++++ Supplied information ++++

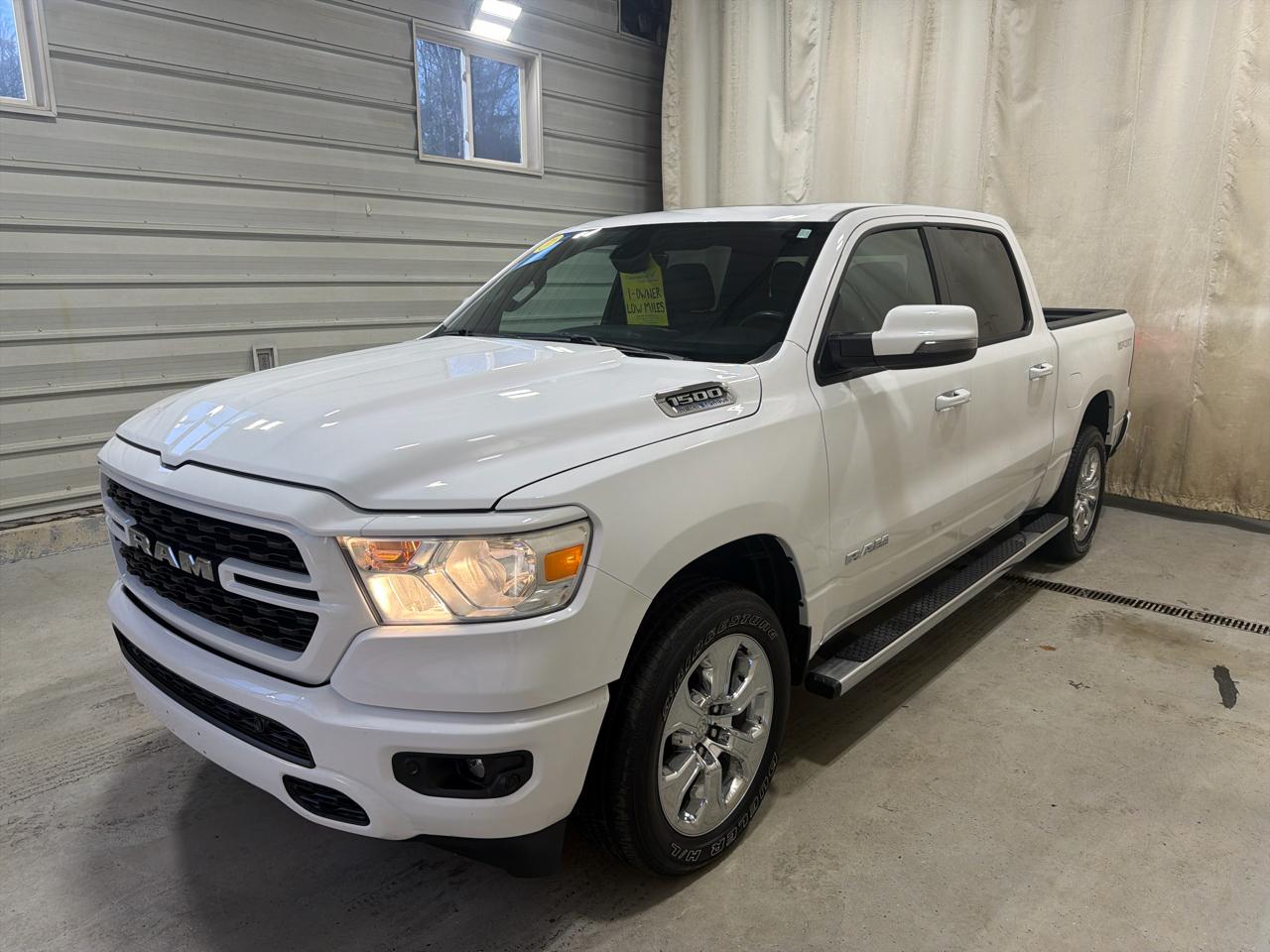 RAM 1500 Big Horn 4x4 Crew Cab 5'7" Box 2023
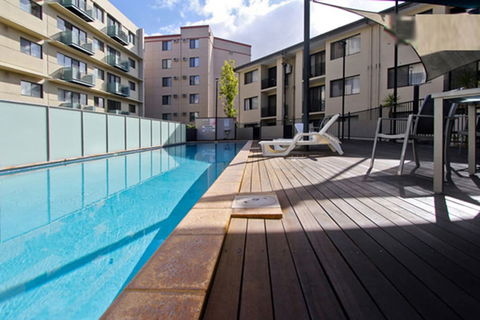 Duke's Apartments - Accommodation Noosa 3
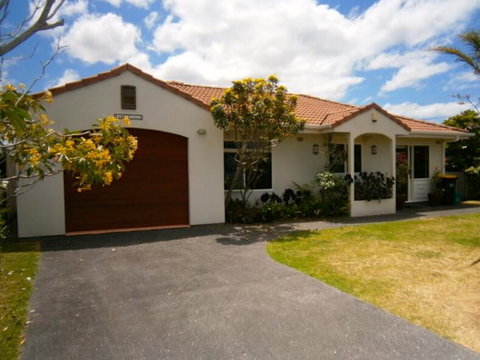 Baskervilla - Whangamata Holiday Home - Accommodation New Zealand 1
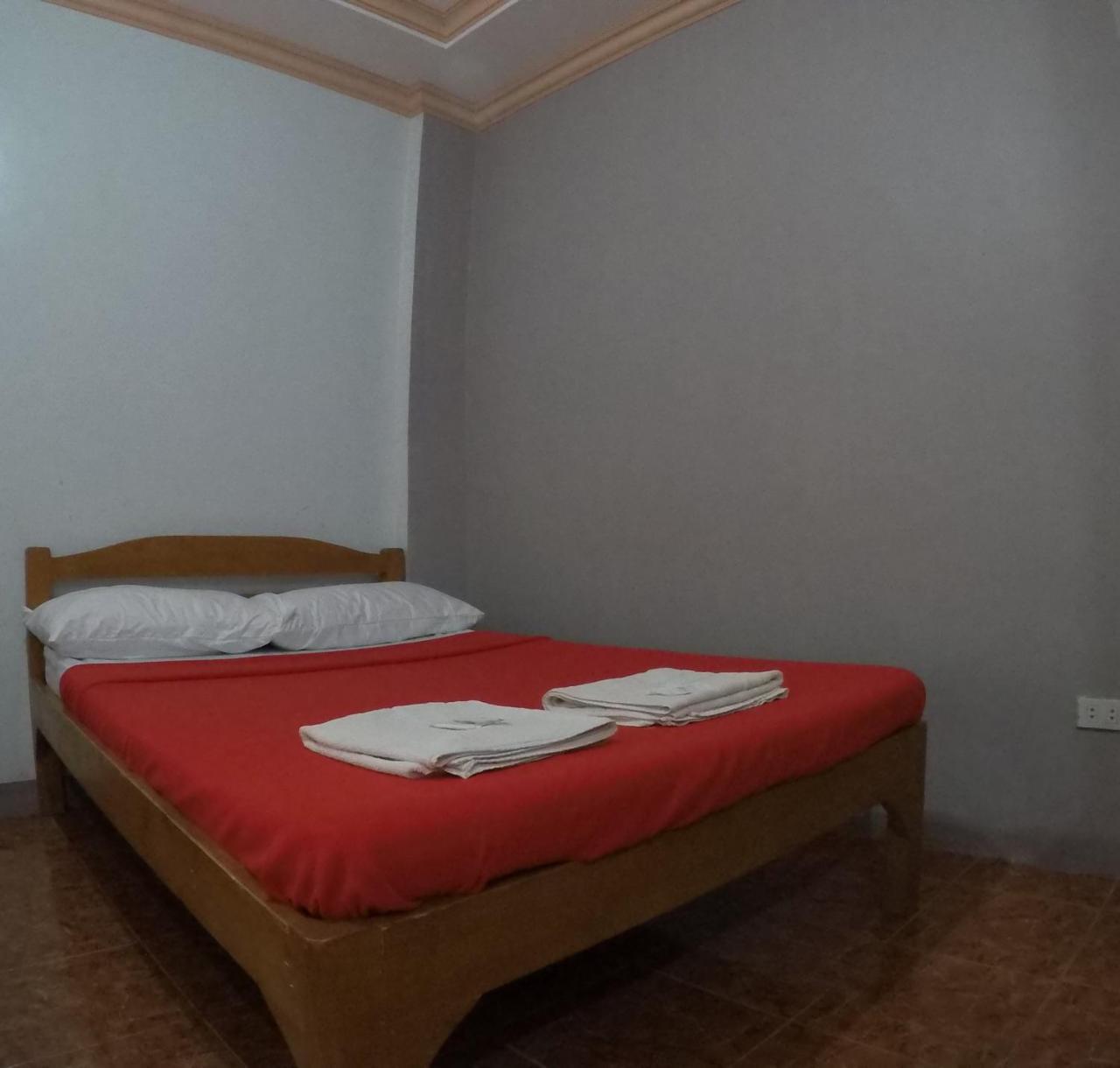 Pe'Re Aristo Guesthouse Mandaue Esterno foto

++++

Activity ::
Where a picture appears in the data, omit it; restate the rest word for word.

Exercise result ::
 RAM 1500 Big Horn 4x4 Crew Cab 5'7" Box 2023
 Duke's Apartments - Accommodation Noosa 3
 Baskervilla - Whangamata Holiday Home - Accommodation New Zealand 1
 Pe'Re Aristo Guesthouse Mandaue Esterno foto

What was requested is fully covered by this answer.